Семен Резник – Хаим-да-Марья. Кровавая карусель (страница 8)
— Между тем, производившимся своевременно по делу сему дознанием установлено, что убиенный младенец Федор был сыном отставного солдата Емельяна Иванова и законной супруги его Агафьи. Так как же? Продолжаете ли вы настаивать, что именно вы, Марья Терентьева, а не Агафья Иванова, являетесь матерью убиенного Федора?
— Никак нет, батюшка, не продолжаю, — Марья кокетливо улыбается Страхову.
— Следовательно, вы признаете, что в бумаге своей написали неправду!
— Признаю, батюшка, — соглашается со следователем Марья и неожиданно прыскает.
Ей смешно оттого, что этого безбородого пухлогубого мальчика с жиденькими тщательно прилизанными волосиками она называет батюшкой.
— А знаешь ли ты, коза блудливая, — голос Страхова срывается на фальцет, — что за ложные показания тебе будет битье плетьми да ссылка в каторжную работу?
— Господь с тобой, батюшка! — недоумевает Марья. — За что же напасть такая?
— За ложные показания!
Следователь смотрит строго, однако мысль о том, что этот цыпленок может причинить ей какой-либо вред, не умещается в Марьиной голове. Она обиженно поджимает губы.
— Значит, опять должна я через евреев терпеть! Я ведь не какая-нибудь, я о себе уважение понимаю. А они младенца моего погубили, да меня же за блудное будто житье приговорили, а теперь еще ты, батюшка, Сибирью стращаешь!
— Так ведь не твой младенец-то! И где доказательства, что именно евреи его убили? До-ка-за-тельства, спрашиваю, где? — Следователь приподымается и, всем телом своим перегибаясь через разделяющий их стол, как бы надвигается на Марью Терентьеву. — Ты и раньше на евреев показывала, а доказательств не привела. Теперь самого государя обеспокоила, а доказательств у тебя как не было, так и нет.
И Страхов неожиданно жесткими, словно клещи, пальцами ухватил Марью за щеку, стал медленно выворачивать ее защемленную кожу.
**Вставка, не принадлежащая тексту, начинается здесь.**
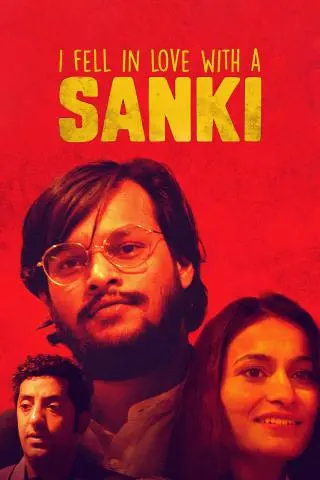 I Fell In Love With A Sanki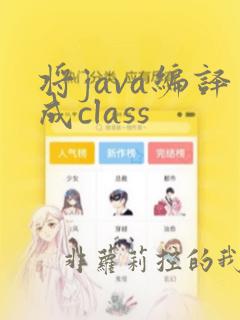 将java编译成class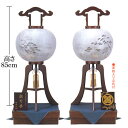 盆提灯 盆ちょうちん 家紋入り 木製 八女提灯 初盆 新盆 【6畳〜8畳用】『大内行灯 張鉄刀木 西京の松 11号(尺一) 左右非対称の対柄一対 桐箱(袱紗付き...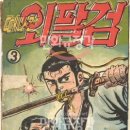 신일문화사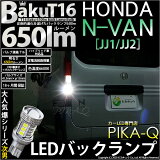 ڸۥۥ N-VAN[JJ1/JJ2]]ХåбLED T16 -BAKU-650lm ХåLEDХ LED顼ۥ磻 ١6600ӥ 1å2 [450lmΰŪʲ3Ａ](7-B-4)¼ֳǧѤߡ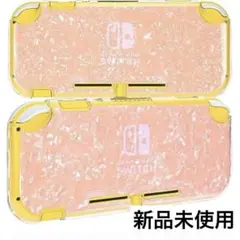 Switch ケース スイッチカバー クリア 貝殻紋 偏光色　ピンク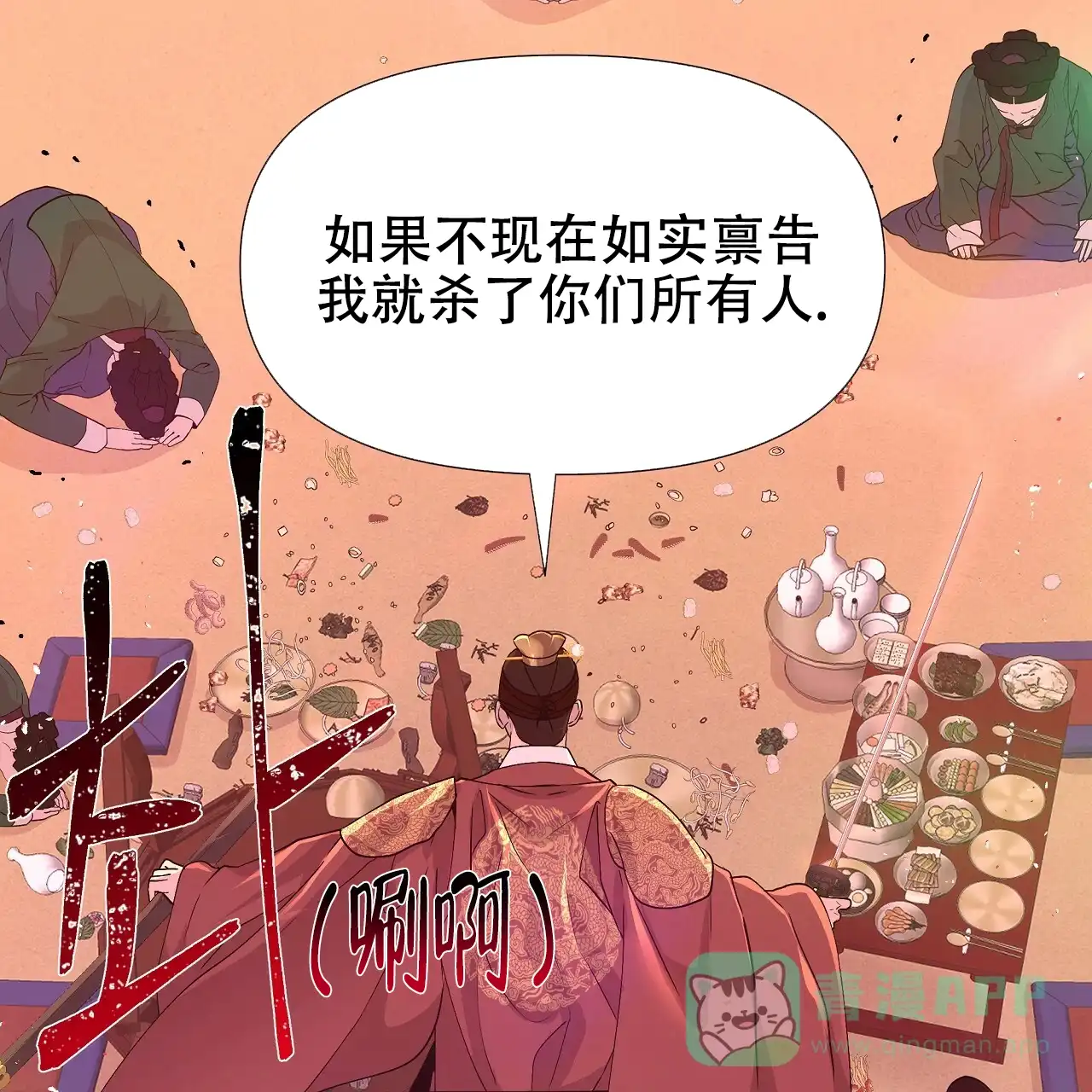 《夜叉演化记》第39话 第16页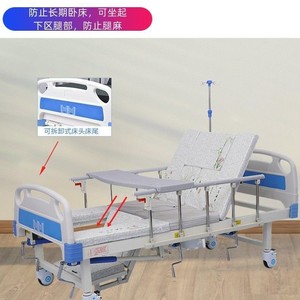 Lit de soins à domicile pour personnes âgées paralytiques, lit de soins à domicile multifonctionnel pour personnes âgées. - Product Image 4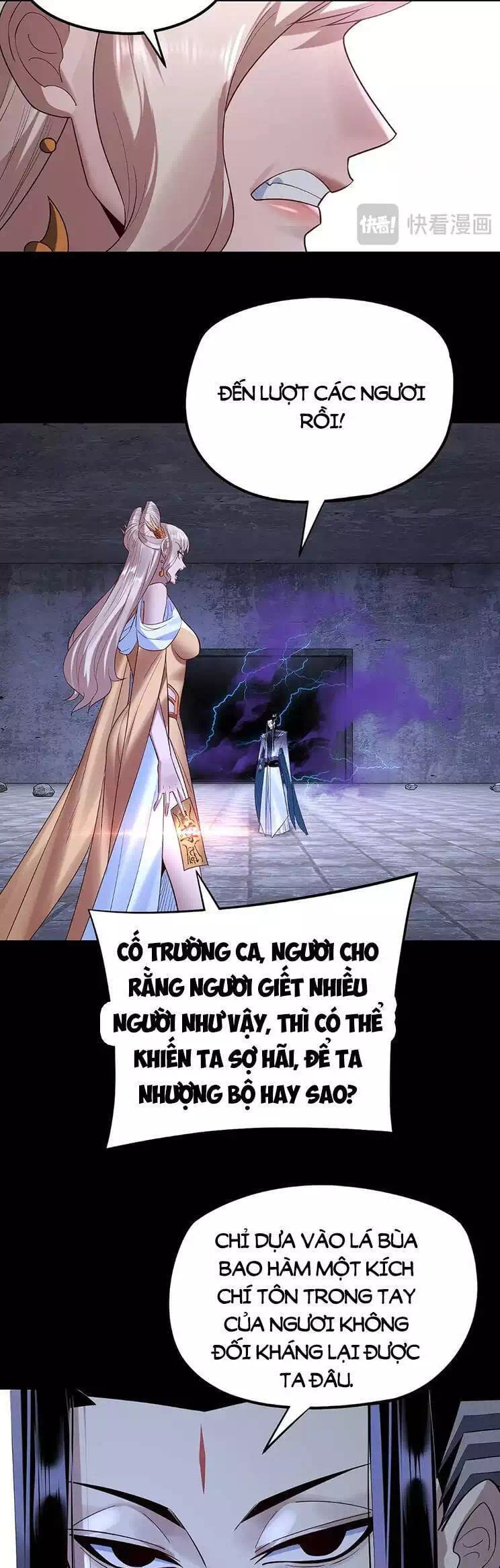 Chapter 267 - Image 28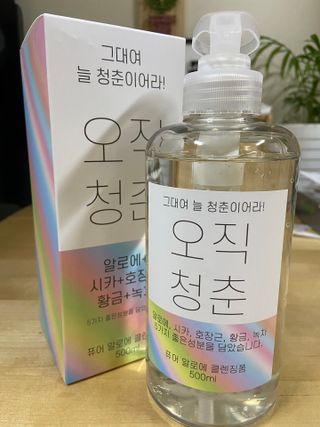 YugyeongLee님이 올린 리뷰 사진 1
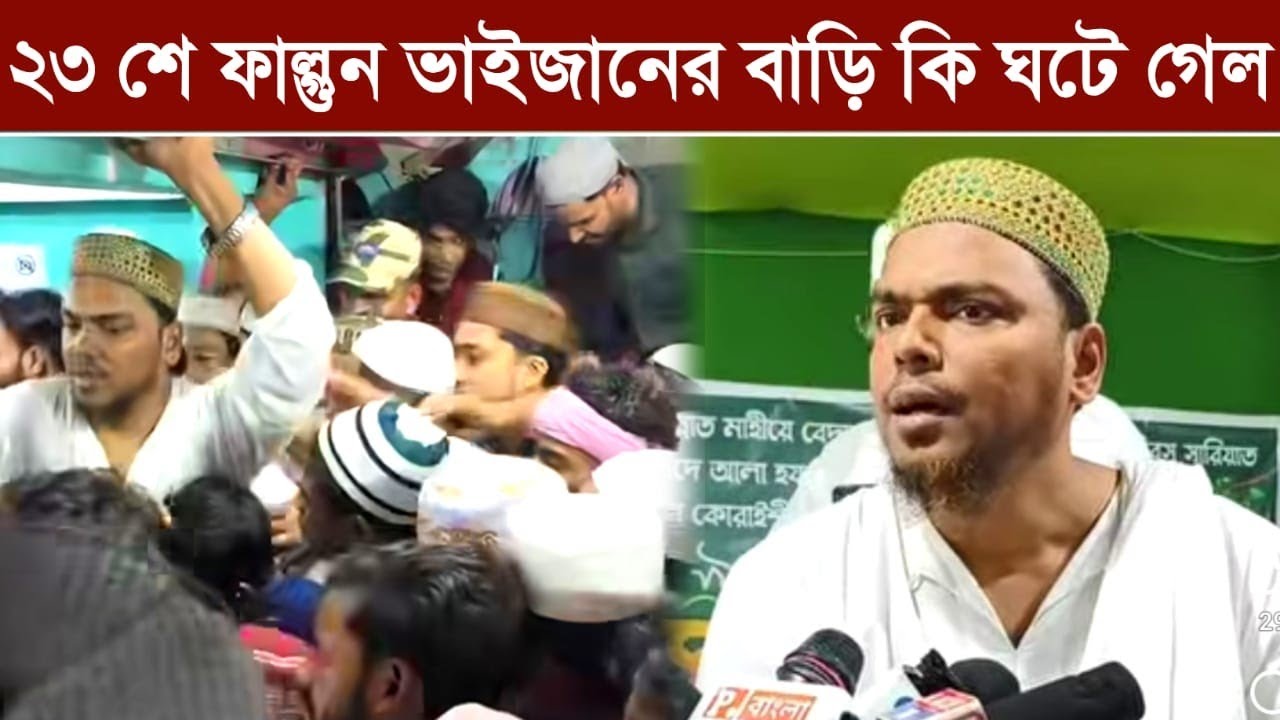 ঈসালে সওয়াবে তৃতীয় দিন ভাইজানের দরবারে কি ঘটল ভাইজানের সাথে দেখুন আপনারা/ pirjada abbas siddiki 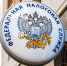 «У налогоплательщиков есть возможность получать актуальную информацию об уплате налогов по электронной почте или в смс-сообщении - Центр поддержки предпринимательства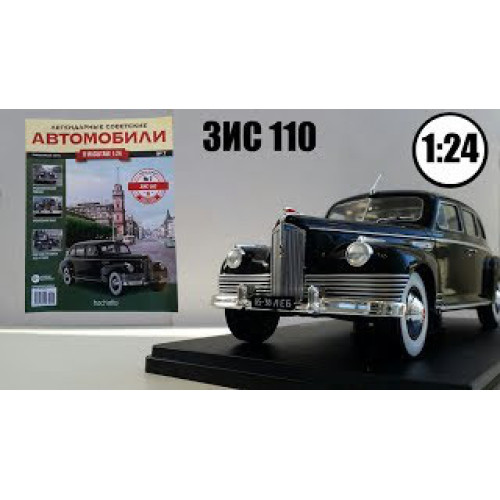 Легендарні Автомобілі №07 ЗІС-110 | колекційна Модель 1:24 | Hachett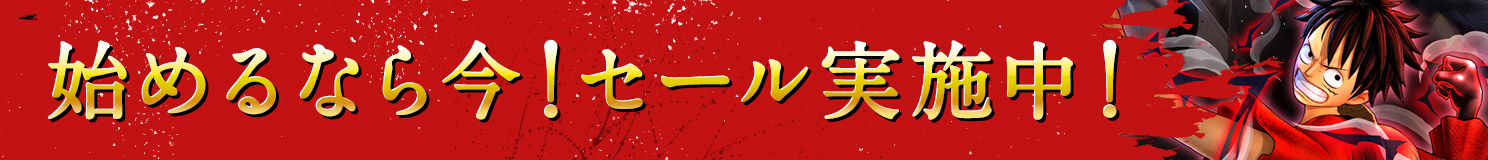 始めるなら今！セール実施中！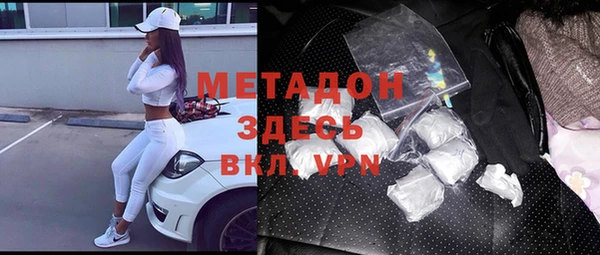 дживик Алексин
— Это тебе не шутки шутить! Тебе столько плетей за все твои враки отвесят, что и до каторги не доберешься. Так и помрешь под плетью. У нас разговор короткий.
Глава 4
Емельян Иванов ту думу имел, что с серебряной ложкой во рту на свет Божий явился. Выпало ему в молодости в рекрутчину угодить, и столько баталий прошел Емельян — на тысячу других хватило б! И на шведа ходил Емельян, и с!уркой бился, и с Наполеоном-антихристом всю кампанию одолел. Под Смоленском чуть в плен не угодил Емельян, на Бородинском поле ему кивер пробило, а под Тарутином засыпало землей — едва откопали.
Нанюхался пороху Емельян Иванов! Чуть ни полмира на своих двоих отшагал, и смертушка костлявая с косою своею след в след за ним ходила. Ан, хоть бы царапнуло Емельяна разок… Ни-ни! Сохранила заступница христианская Богородица. Оттого и имел он думу про серебряную ложку во рту.
Честью и правдой отслужил свои 25 годков Емельян царю-батюшке да России-матушке. А как вышел срок — осел в городке Велиже, к Двине-реке притулившемся, — чистом, уютном, торговом, церквами да питейными заведениями уставленном.
Какое достояние у отставного солдата — про то всякий знает. Две руки, две ноги, голова на плечах да спина крепкая. Да у торговых людей всегда работенка найдется. Тому хлеба воз нагрузить, тому бочки с вином, аль семя льняное, аль красный товар к Двине-реке доставить да на воду спустить. А то и по Двине на лайдах до Витебска, Динабурга и до Риги самой сходить. Емельян — с превеликим удовольствием. Пока сила в руках-ногах есть, чего ее, силу-то, зря копить?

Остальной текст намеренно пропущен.